|Distance||66.80 kms||41.63 miles|
|Climbed||932 meters||3,058 feet|
|Ride time (hours)||5.67||-|
|Avg speed||11.8 kph||-|
|Distance||2,488.77 kms||1,546.59 miles|
|Climbed||18,654 meters||61,201 feet|
|Ride time (hours)||188.21||-|
Wednesday, November 22nd, 2017
I felll asleep at about 9pm last night, consequently I'm up well before dawn. I don't feel like waiting for 2 hours for the sun to get over the ridge to the east so I brave the cold to pack up and hit the road. My legs feel particularly strong for some reason this morning, the bike seems like it's gliding up the dirt-road hills to get back to the campground overlooking the lake. This is a good sign as I'm probably in for some climbing today to get over Montezuma Pass.

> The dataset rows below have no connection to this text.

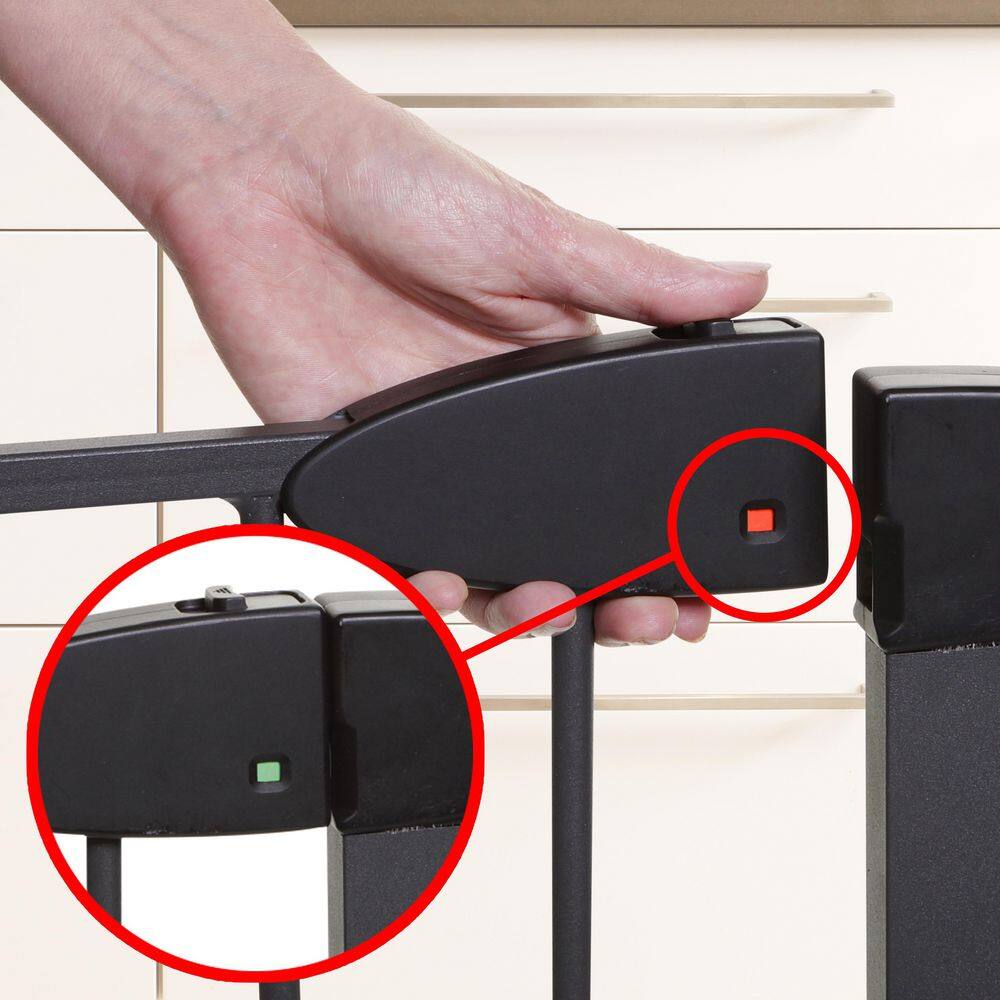 Black Metal Auto-Close Pressure Mounted Safety Gate
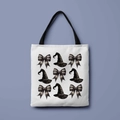 White canvas tote bag with black witch hat and striped bow print for Halloween - Witch Hat Striped Bow (FBDT01-30)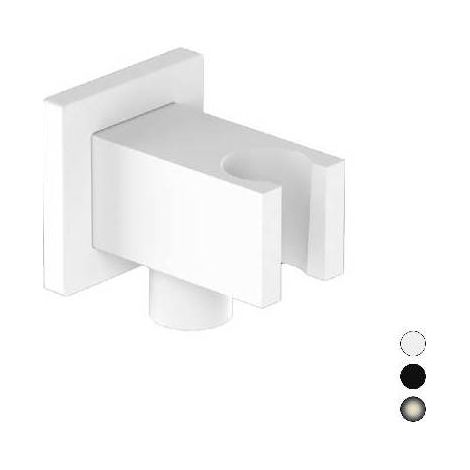 SUPPORT DE DOUCHE MINIMALISTE CARRÉ AVEC PRISE D'EAU Dimensions : nickel brossé mat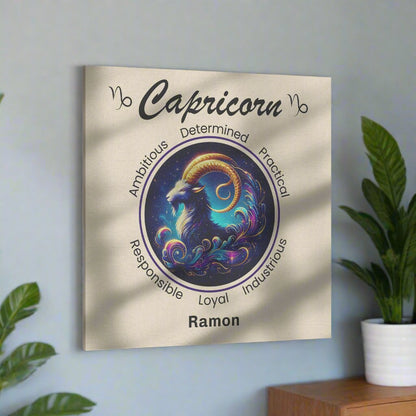 Capricorn Celestial Ambition Personalized Square Canvas Wrap on light blue wall with plants mister obtuse eclectic goods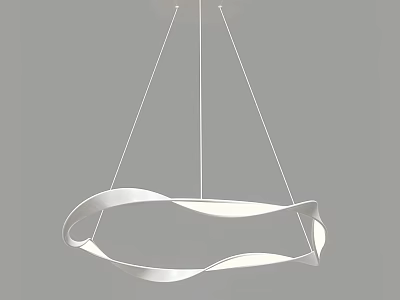 Modern White Twisted Chandelier With Soft Illuminated Curved Design For Interior Decor 3d model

It takes some work to get over the pass, but the road is in pretty good shape so I don't have to deal with a slipping rear tire in spite of the steep grades. At the top it is windy and cold. I put my fleece on and make lunch at the rest area. A few people stop by to chat. A Japanese woman says I look too skinny to be able to ride that heavy bike.
I slip and slide my way down the other side. They've just graded it, leaving a soft surface that my wheels dig into too much. Pavement appears near the bottom and I fly for what's left of the descent. I run into two women on road bikes coming in the other direction. They stop to chat for a bit; one of them has done some touring, we exchange notes on Thailand. She's from the area and says there isn't much in the way of campgrounds nearby. I have a bad feeling abou this valley. It looks like fenced-up ranchland without much vegetation for cover.
I ride about twenty miles into the wind towards Bisbee. I'm keeping my eye open for possible places to camp but I'm not seeing much. The sun is getting low and it starts to get urgent; in the end the debris-strewn highway shoulder decides it for me: I get a double flat. I can't remember ever having both tires go flat at the same time. At any rate I don't have two clean tubes, I'll need to patch; I'm not in the mood to do it in the dark so I wheel the bike through a cattle gate and up a rocky road until I find a minimally hidden spot to set up camp. I have to clear a bunch of prickly bushes to get an area large enough to fit my tent. A pickup truck drives by me about 20 yards away but they don't see me. Pretty much a miserable spot, but such is the life of unplanned bicycle travel, some times it doesn't work out all that well. I leave the flats for tomorrow, make dinner in the tent, and call it an early night so I can get out of here before dawn.